Zwar muss selbst die beauskunftende Regierungsstelle konzedieren, dass das Bundesverfassungsgericht in seinem Urteil zum informationellen Selbstbestimmungsrecht sehr wohl einen Einschüchterungseffekt sieht. Aber der ist neudeutsch gesagt unerheblich.

"Bei der Einordnung einer solchen Wirkung kann jedoch nicht allein auf das subjektive Empfinden von Adressaten einer Regelung abgestellt werden. Die abschreckende Wirkung kann ein faktischer Eingriff nur erzeugen, wenn sie – wie jede andere Form des Eingriffs auch – dem Staat bzw. dem Gesetzgeber zuzurechnen wäre. Dies setzt ein zutreffendes Verständnis des Inhalts der angegriffenen Regelungen voraus, auf dem die abschreckende Wirkung gründen müsste. Wirkungen, die aus einer verzeichnenden Darstellung gesetzlicher Regelungen resultieren (vgl. zur Diskussion über die Vorratsdatenspeicherung: Rath, Freiheit statt Angst in der tageszeitung v. 2.1.2008 'Horrorszenarien', 'maßlose Übertreibung'), erscheinen nicht geeignet, Grundlage für einen verfassungsrechtlich relevanten 'Einschüchterungseffekt' zu bieten."
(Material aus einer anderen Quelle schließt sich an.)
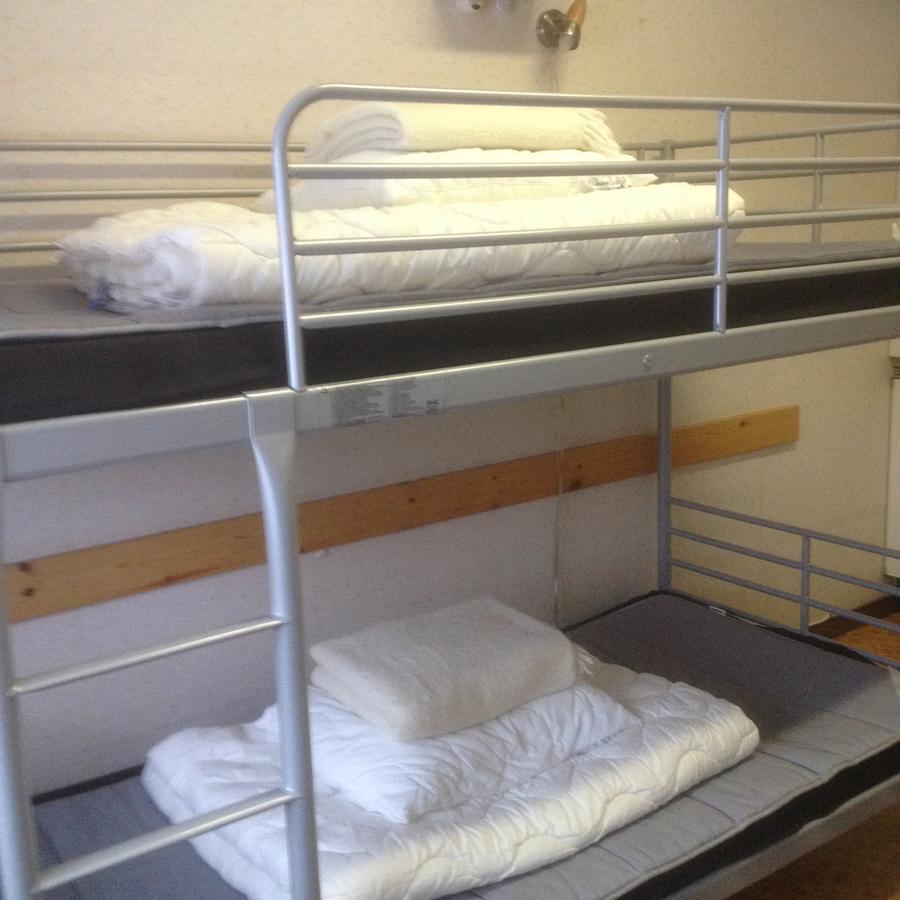 Gafsele Lappland Hostel Väster Gafsele المظهر الخارجي الصورة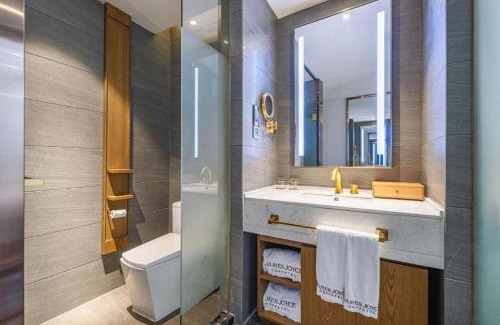 Zhuhui District Hotel | James Joyce Coffetel·Hengyang Jiefang Road Xianfeng Dock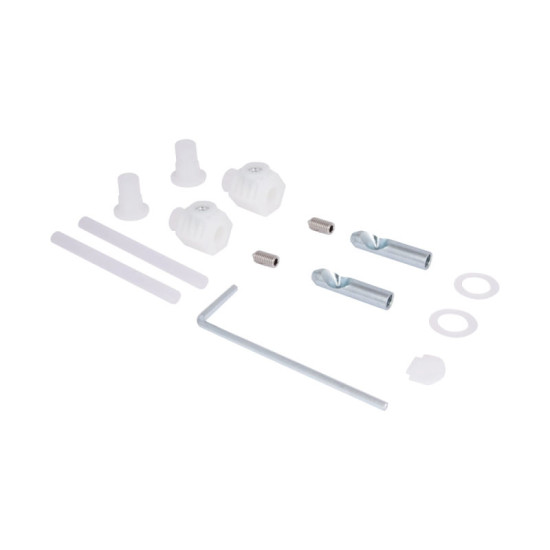 Биде подвесное Qtap Gemini 485×340×300 мм, White QTTAU28W49120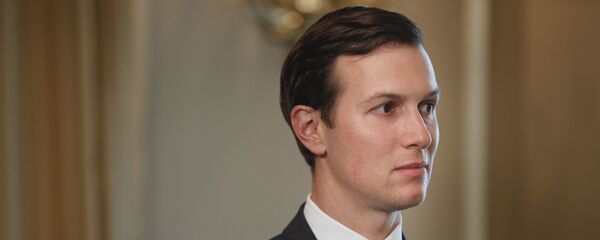 مستشار الرئيس الأمريكي جاريد كوشنر، الولايات المتحدة - سبوتنيك عربي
Kurzum, denn die Aktion Neusprech ist noch nicht zu Ende, der Arbeitskreis Vorratsdatenspeicherung hat selbst Schuld. Er baut erst den Einschüchterungspopanzen auf. Er ist eigentlich ein Arbeitskreis Einschüchterung und Bevormundung, wenn er bundeseigentliche unschuldig mädchenhafte Freiheitskampagnen böswilligst übeltäterisch und unerhörterweise für seine Einschüchterungskampagne missbraucht. Kurzum, die Bildvergewaltiger haben Schuld, natürlich unter Berufung auf die Zeitung mit der schwarzen Panterpfote, die den AK Vorrat vehement bekriegt:

"Damit wird durch unrichtige und verzerrende Darstellungen erst der Effekt erzeugt, der dem kritisierten Gesetz unterstellt wird (vgl. dazu Rath, Aus Angst wird weniger telefoniert v.6.2.2008 'Die Umfrage ist also eher ein Beleg dafür, welche Folgen die übertriebene Öffentlichkeitsarbeit der Kritiker haben kann')."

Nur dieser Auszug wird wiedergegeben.